I'm not fully up to speed on /proc either ... I think your code
is right after all, I was just mixed up with an alternate "read"
interface to /proc that was intended for simpler use, and had a
one page limit.

> > 4) Reading this way is also kind of weird in that every partial read
> > results in the kernel going back to re-fetch the data from the SAL
> > with another call to ia64_sal_get_state_info().  One kludgy 
> fix would
> > be to have the salinfo tool use "getpagesize()" as the initial size
> > and increment for the buffer it uses (at least for kernels 
> with a 16k
> > page size ... error records should generally be small enough for a
> > single slurp).
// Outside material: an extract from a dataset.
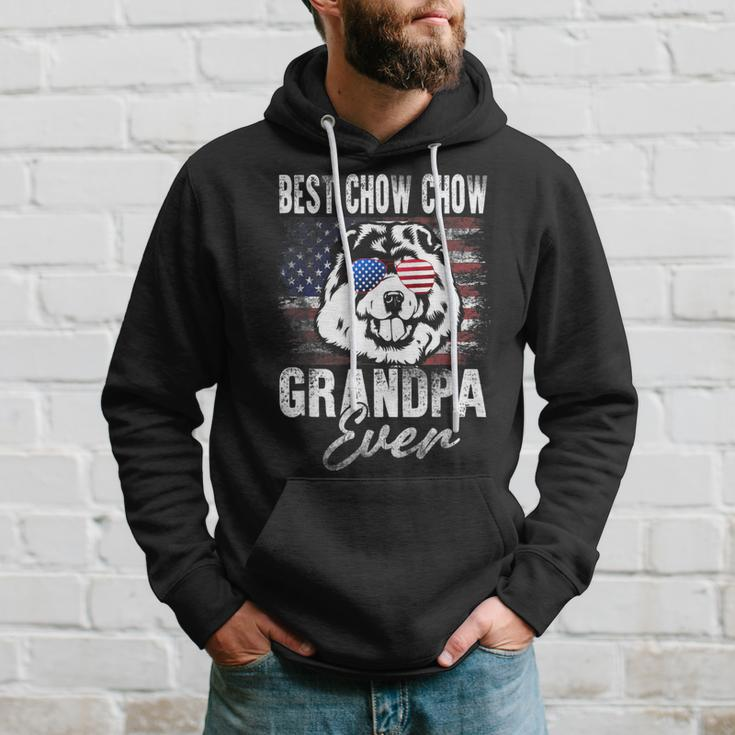 Best Chow Chow Dad Ever American Flag Hoodie Gifts for Him
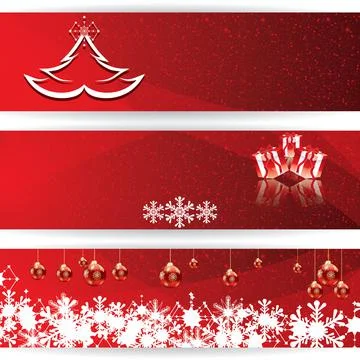 Set of horizontal Christmas vector banners Stock Illustration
Though we'd still do one extra call to get 
> the nbytes==0
> > return to signify the EOF (unless we assume the partial read got us
> > all the data?)
> 
> I think making the initial size 8K or 16K seems reasonable.  I
> wanted to minimize the management of the kernel buffer, but
> I suppose we could do the allocate/get_state_info at open-time,
> and deallocate in close.  I'll look at that tomorrow.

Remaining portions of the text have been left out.